Descriptive statistics summarised demographic details and compared participant’s self-allocation to an mMRC grade with their responses to the 10-item MRC-Ex. In particular, we assessed whether patients scored positively for items in the MRC-Ex that indicated more severe disability than their response on the mMRC grading.
Rasch analysis allowed several scale assumptions to be tested. It is an advanced psychometric methodology that is closely related to item-response theories.15,16 The Rasch model is based on a probabilistic relationship between people who complete a questionnaire and the items on that questionnaire. In the context of a breathlessness scale, we would expect that a person with very severe breathlessness would be more likely to affirm any given item than another person who had no difficulties with their breathing. Using this methodology it is possible to separately model the level of breathlessness (i.e its severity) exhibited by the respondents and the level of breathlessness assessed by the individual items. By doing so, items can be ordered on a continuum of breathlessness severity using a linear logit scale. A higher logit value indicates a greater severity of breathlessness.6,16 Individual item fit was assessed using a chi-squared statistic to compare the difference between the observed responses and those expected by the model. The presence of any item-trait interaction was tested using a chi-square test to assess whether all items perform consistently, regardless of overall mMRC-Ex grade severity (determined by p>0.05) (16).
Rasch analysis was used to assess the ordering of item severity of MRC-Ex items. Individual item fit was assessed to determine if all 10 item descriptors met the requirements of a unidimensional scale. In the context of this study, Rasch fit statistics were used to examine the measurement properties of the MRC-Ex and extrapolate these to the original mMRC grade to highlight measurement anomalies with its individual items rather than to present the MRC-Ex as a new scale for the assessment of breathlessness in COPD.
36 patients took part in six focus groups, each including 2–9 participants. Their characteristics are shown in Table 2. With the exception of mMRC Grade 0 (strenuous exercise), participants were able to describe the meaning of each individual activity (Table 3). There was a consensus that combining items within a mMRC grade was not logical, particularly the combination of descriptors located in Grade 4. In general, participants viewed the mMRC scale as quick and easy to use but questioned the appropriateness of combining different grade components.
Table 2 Participant Characteristics for Phase 1
Table 3 Focus Group Comments for Each MRC Grade
203 patients with a confirmed diagnosis of COPD completed the questionnaires. Their characteristics are shown in Table 4. There was a good spread of patients across the five mMRC grades (0: 9.9%; 1: 31.5%; 2: 19.7; 3: 21.6%; 4: 11.3%) enabling comparisons to be made across the full range of possible disabilities.

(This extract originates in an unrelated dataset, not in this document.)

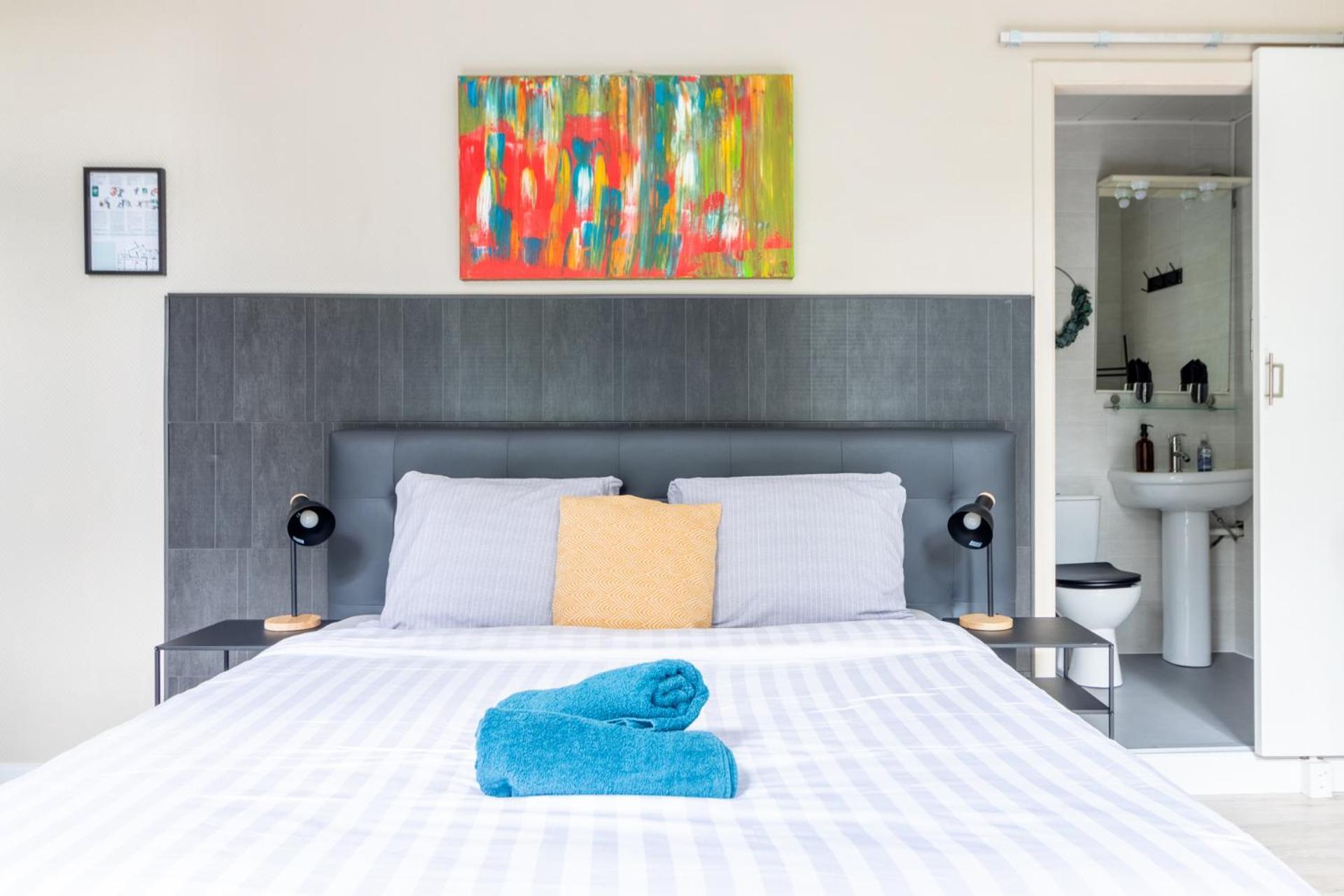 Hotel Entree - Canal View บรูจส์ ภายนอก รูปภาพ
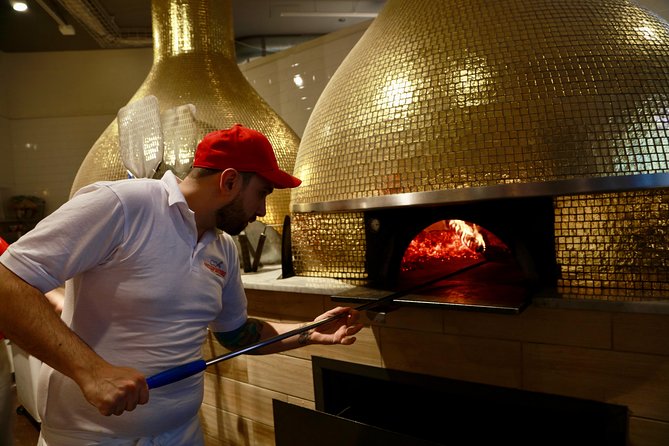 Downtown Chicago Walking Pizza Tour - Why this tour works for curious eaters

Table 4 Participant Characteristics – Phase 2
The first stage of analysis included an assessment of patients’ responses to the original mMRC grading compared with their responses to the MRC-Ex (Table 5). For each mMRC grade a proportion of patients also responded positively to experiencing a more severe level of disability on the MRC-Ex at least “some of the time”. For example, 20 patients were in mMRC Grade 0 yet most also experienced breathlessness during activities that were assigned to other mMRC grades such as such as Grade 1 (“going up a slight hill”; 15/20 and “hurrying on the level”; 14/20), even MRC grade 4 (dressing/undressing; both 4/20); none of the 20 “Grade 0” participants responded that they were too breathless “to leave the house”. For MRC-Ex items 1, 3, 5, 6, 7, 8, 9 and 10, a proportion of patients indicated they did not experience an item at least “some of the time”, despite responding positively to the relative MRC grade. For example, of the 23 patients in mMRC Grade 4, 30% (7/20) responded “not at all” to the MRC-Ex item “too breathless to leave the house”. For mMRC Grade 3 13% (7/56) patients responded “not at all” to its corresponding items MRC-Ex 6 and 7.
Table 5 mMRC Grade and Corresponding MRC-Ex Responses
Rasch analysis was used to determine the severity location (measured in logits) for each MRC-Ex item and to test whether its severity matched the ordering according to mMRC grades (Table 6). The mildest item was “breathless when going up a slight hill” (logit −2.76) and “too breathless to leave the house” was the most severe item (logit 3.422). MRC-Ex item 1 (“strenuous exercise”) was located third on the ascending severity scale with a logit of −1.389. mMRC Grade 4 components “breathless when dressing” (MRC-Ex 9) and “breathless when undressing” (MRC-Ex 10) were much milder (at least 2 logits) than “too breathlessness to leave the house” (MRC-Ex 8). The level of information provided by each item at different levels of breathlessness is plotted in Figure 2.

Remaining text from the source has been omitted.